Leslee Thorne-Murphy speaks on finding peace


Leslee Thorne-Murphy, department of English professor, spoke at the Nov. 10, 2015 devotional on how Jesus Christ can offer lasting peace.

Natalie Bothwell
BYU English professor Leslee Thorne-Murphy speaks on having the steady influence of Christ’s peace throughout life. (Natalie Bothwell)

“This peace rarely comes as a great and emphatic epiphany,” Thorne-Murphy said. “Instead, peace suffuses our lives when we make the daily effort to invite it.”

Thorne-Murphy used examples from Victorian literature and from the scriptures to show how the Holy Ghost can bring peace during times of trouble, as promised in John 14:27.
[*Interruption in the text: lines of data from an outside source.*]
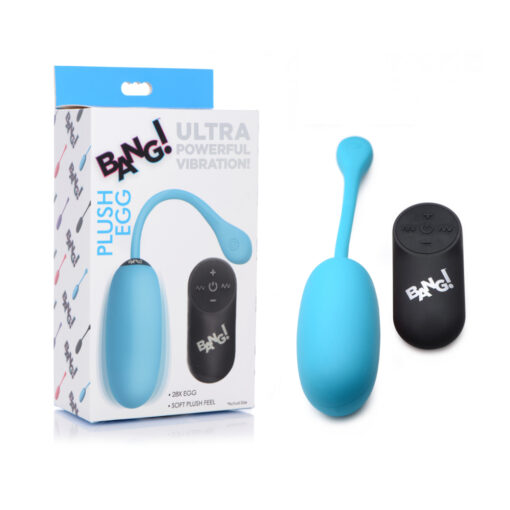 XR Brands BANG Plush Egg Wireless Remote Vibrating Egg Blue AG590BLUE 848518040091 Multiview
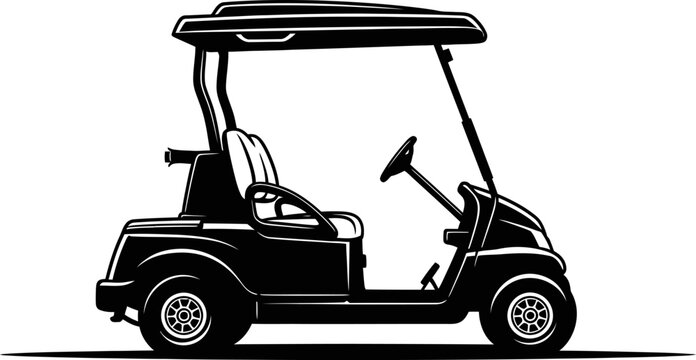 Black and white golf cart silhouette illustration image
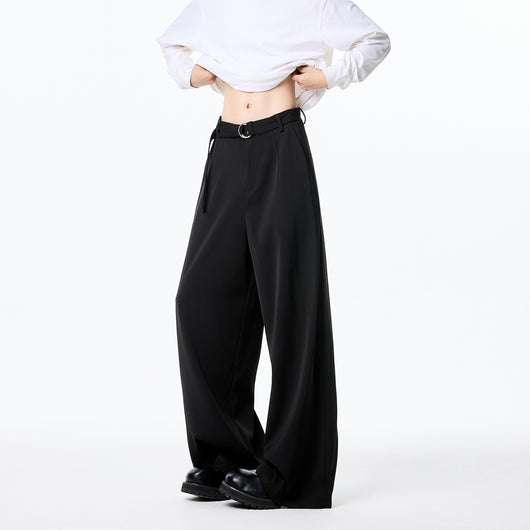 Pantalones Holgados de Pierna Recta con Drapeado Elegante - Image 3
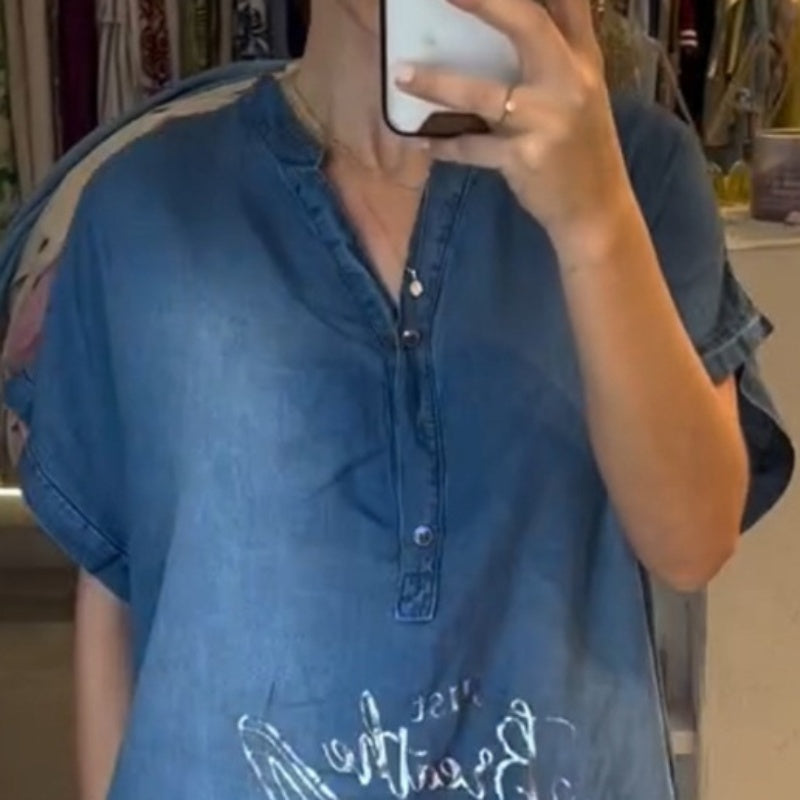 💖Lahka, ležerna obleka z V-izrezom-SI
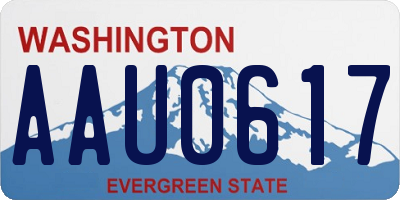 WA license plate AAU0617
Thorne-Murphy asked students how they can find peace in the midst of their busy lives. She said understanding Christ’s shaping role in our lives is key to feeling His peace.

“The Lord created us in the beginning, and he will continue to shape us now,” Thorne-Murphy said.

She added that Christ expects people to take a part in their own shaping, and to do this they should “cultivate a sensitivity to the Lord’s promptings.”

Thorne-Murphy brought in her field of work by examining the principles of peace in Victorian author Charlotte Yonge’s book “The Pillars of the House.”

In Yonge’s work, Thorne-Murphy said, Christian principles are learned and tested in the family. Yonge illustrates that family life is full of trials that allow mothers, fathers and children to grow.

“Underlying this narrative is a prolonged contemplation on what it means to live a peaceful life in the midst of nearly unimaginable adversity,” Thorne-Murphy said.

One of Yonge’s characters, Felix Underwood, is forced to assume responsibility for the well-being of his siblings after the death of both their parents. At 16 years old, Felix drops out of school to be able to work to support his family.

Thorne-Murphy pointed out that “Felix” means happy or having good fortune in Latin. She said she doesn’t think this character was named ironically.

“Looking at what Felix has endured, peace and happiness do not seem to be the hallmarks of his life,” Thorne-Murphy said. “Yet for Felix — charity, patience, peacemaking, humility, reverence — they have all combined to shape him into a person who is capable of enduring adversity while retaining the peace that Christ offers to us all.”

Thorne-Murphy concluded by saying the little moments people pause to remember Christ and to be more charitable invite Christ’s peace into their lives. She said Christ’s peace will not make their lives easy, but it will give them “courage and confidence to carry on.”